Bean and Uzarowski describe how fascinating it was to come to know Gardner intimately through this process. “She just had a really keen sense of humor. She didn’t take life too seriously,” Bean says. They hope readers will discover a relatable figure rather than an untouchable movie goddess.

Uzarowski was most astonished to find that a woman so associated with scandal and sensationalism in her public life was beloved by all who knew her. “We spoke to quite a few people and we went through different papers and letters and all sorts of things, and I can’t think of anyone who had anything horrible to say about her or anyone who disliked her,” he says. “Even people you think could have or should have didn’t — even Sinatra’s children from his first marriage.”

By merging the image of a woman renowned for her physical beauty with a nuanced study of her life and career, the book forces readers to look beyond Gardner's exterior star persona. “It puts her in a wider cultural context, and that was very important for us,” Bean says.

This is the second book of this nature that Bean has written; she previously penned a photo-heavy biography of Gone With the Wind star Vivien Leigh. For Bean, the juxtaposition of image and story is crucial to unpacking the lives of screen legends. “With people like Vivien and Ava, there is such a visual element to who they were as stars,” she says. “It really adds another layer to text-heavy [books], because it’s one thing to read about it but it’s another thing to be able to see what’s going on at the same time.”

Credit: Courtesy Running Press

Credit: Courtesy Running Press

Uzarowski first discovered Ava Gardner when he was still a young child. She'd been his grandfather’s favorite movie star, and she became a link to a man he never met. Seven years ago, Uzarowski started an Ava Gardner Facebook fan page, which he still maintains. In contrast, Bean knew very little about the actress when they first conceived of the project. The two met in graduate school in London (where they studied film), and Uzarowski was the one who prompted Bean to learn more about Gardner.

Bean and Uzarowski both live and work in London; the former is originally from California and the latter grew up in Poland and the U.K. The authors' own origin stories are indicative of Gardner’s reach and influence.
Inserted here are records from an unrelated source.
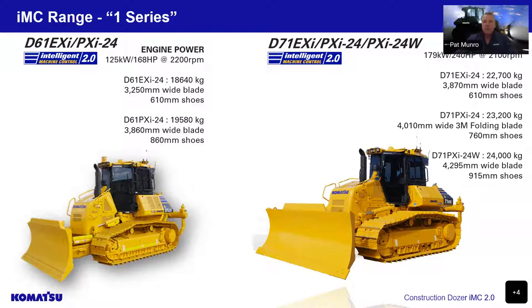Our D71 model has three variants. The EXI has a 3.8-metre blade with 610 shoes. The PXI has a 4-metre blade width and features our 3M folding blade, which allows you to fold the blades to under three metres so you can float them around without requiring a pilot, saving transport costs. This model has a 760-wide shoe. The PXI-24 wide has a very wide undercarriage and a 4.3-metre blade with 915 shoes, giving very low ground pressure.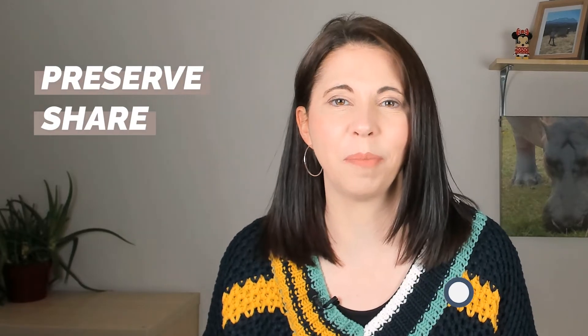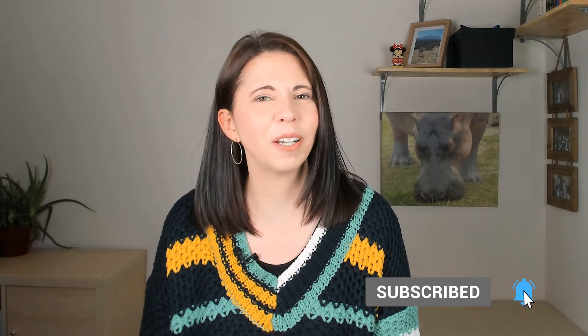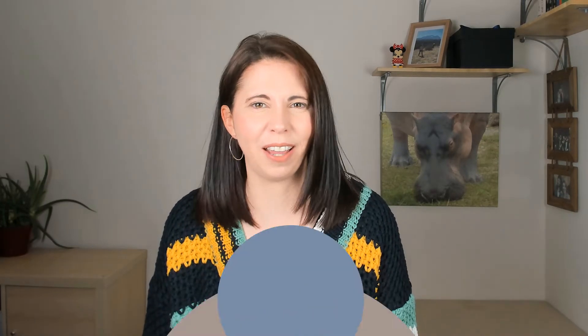Hi, I'm Amanda Leticott, the photo organiser, and I'm all about helping you preserve and share your precious photo and video memories without getting overwhelmed. If you're looking to rediscover life's special moments and protect them for future generations, then be sure to subscribe and click the bell to be notified every time I release a new video.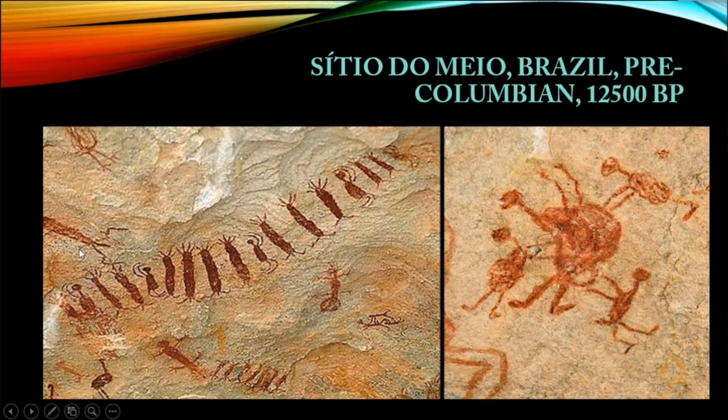Some scholars are of the view that this shows the ritual aspect of prehistoric humans in Brazil. This shows that even in such an ancient period like 12,500 BP, human beings used to have some kind of ritualistic practices and ceremonies. In the second panel, this is actually the picture of a birth taking place — there is a woman and a child coming out, and there are three figures standing there helping the delivery of the child.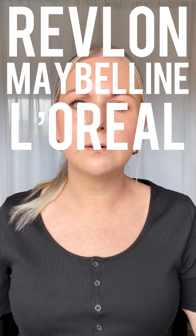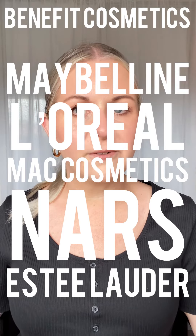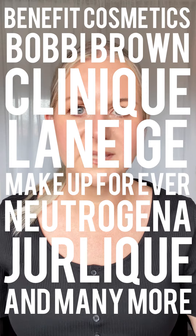Revlon, Maybelline, L'Oreal, MAC Cosmetics, NARS, Estee Lauder, Benefit Cosmetics, Bobbi Brown, and many many more, which you can also find listed on my website.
During the second half of her career, Gardner participated in numerous co-productions and took up residence in various parts of Europe, adopting an expat lifestyle not unlike Ernest Hemingway (a close friend).
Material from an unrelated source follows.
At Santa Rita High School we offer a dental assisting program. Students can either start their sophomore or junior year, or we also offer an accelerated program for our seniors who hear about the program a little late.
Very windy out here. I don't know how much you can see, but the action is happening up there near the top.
Still, Gardner belonged to an era when stars were groomed and constructed by studio publicity machines. Counseled on how to become a star, her acting was never given a second thought, which reinforced Gardner’s low self-esteem about her abilities. “She had this career because she was beautiful. She knew that’s what her meal ticket was. She didn’t think her talent was anything,” Uzarowski explains. “Unlike someone like Katharine Hepburn or Bette Davis, who came from the theater; that’s what they were signed on, not the way they looked. But with Ava it was definitely the way she looked, so she always was aware of that.”

Though Gardner didn’t believe in herself, Bean and Uzarowski hope their book encourages people to reassess her films and skills as an actress. Uzarowski points to her performance in Tennessee Williams’ Night of the Iguana — in which she starred alongside renowned actors Deborah Kerr and Richard Burton — as evidence of her skill. “She not only is not overshadowed by that but she steals scenes from them,” he says. “For someone who said she couldn’t act, that’s an incredible testament to her talent.”
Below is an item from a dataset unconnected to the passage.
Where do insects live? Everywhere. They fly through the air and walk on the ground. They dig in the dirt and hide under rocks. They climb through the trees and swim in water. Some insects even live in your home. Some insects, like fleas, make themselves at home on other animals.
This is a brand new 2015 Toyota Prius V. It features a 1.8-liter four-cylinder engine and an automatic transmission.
Despite her insecurity, Gardner railed against the star system. “She defined it but also defied it,” Uzarowski notes. “On the one hand, she’s like a typical studio-made movie star … she was this cookie-cutter star, but on the other hand, she was so interesting and independent.”

That's the Gardner they hope readers find in the pages of their book: an independent, free-spirited, paradoxical talent with a softer side that's often obscured by her sultry, enigmatic screen presence. Uzarowski sums up her appeal beyond her movie star status as a simpler, more homespun charm: “She really was loved, as a friend — not as a sort of star but as a friend, as a woman. She was really appreciated and people still remember her with this great fondness.”